Friday, June 22, 2012

Retro Desktop Printing

Being somewhat of a space-challenged designer, I recently found the perfect press for desktop printing. It actually was an eBay score, but the owner had little information about the history of this little so-called iron handpress. The footprint of my little press with sleek gold pin-striping, is only 4 x 6 inches and it tips the scale at less than 2 lbs, making it quite portable. Seeing that the press bed is only 1.5 x 2.5 inches wide, it will be the perfect press for printing postage stamps. It has four screw holes on the feet so I can safely apply pressure for those long postage stamp press runs. It needs a new self-inking pad, but otherwise looks like it is all in good working order. And no messy rollers to clean or toner to refill! 
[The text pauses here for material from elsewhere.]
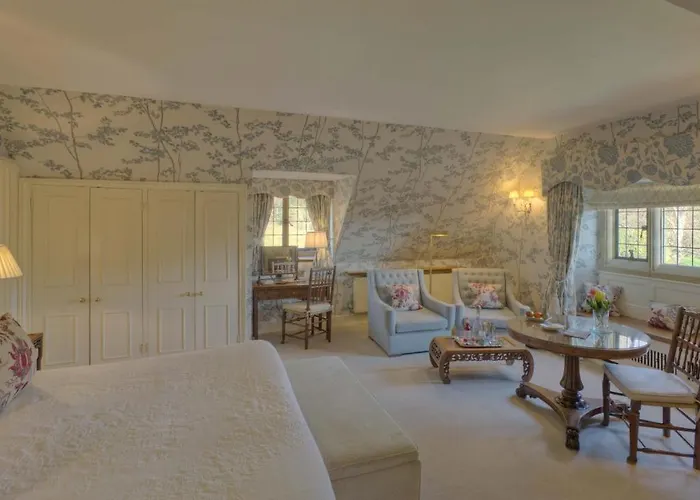 Gravetye Manor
Poking around on the internets today I found this red and green 1940s Fulton salesman's toy printing press below which appears to be identical to my own in all but the color. At one time, it had been listed for sale on Amazon. Next I found a link on the Briar Press community site where someone asked for help in identifying a press identical to mine above. Paul Aken of The Platen Press Museum had this to say:
      The 'Fulton' was originally made by the Baumgarten Co. of Baltimore, MD in several styles as the 'Baltimore Printing Press'. Fulton bought their patterns in 1934. My 'Fulton' No. 80' is green like the one on Amazon, but apparently one of the styles of the 'Baltimore' was black.
These presses each have a slot on the "platen" or the top level, which held a piece of wood with a metal insert. Rubber type was placed in this wooden mount or "chase", then pressed on the ink pad in the top level. The paper sat in the base below where it waited to receive the impression.  

This funny little toy press above which resembles a miniature Zamboni, was listed for sale recently as a Pressed Steel Buddy 'L' Toy Printing Press, circa 1937. It sold here recently for $60. It operates on the same principle as all of the other presses shown here, which is merely by applying pressure.
      The Crown Press featured below is the real gem in this group of early desktop printers. Spotted on Martin Howard's site of typewriters and other neato office supplies, this press was patented on February 14th, 1888. To see more adorable miniature and toy presses, stop by The Platen Press Museum and view the slideshow there. Sweet!


  1. fascinating, I had no idea that such a thing existed!

  2. I have a press similar to the first adorable one, and I wonder if these were used to endorse checks?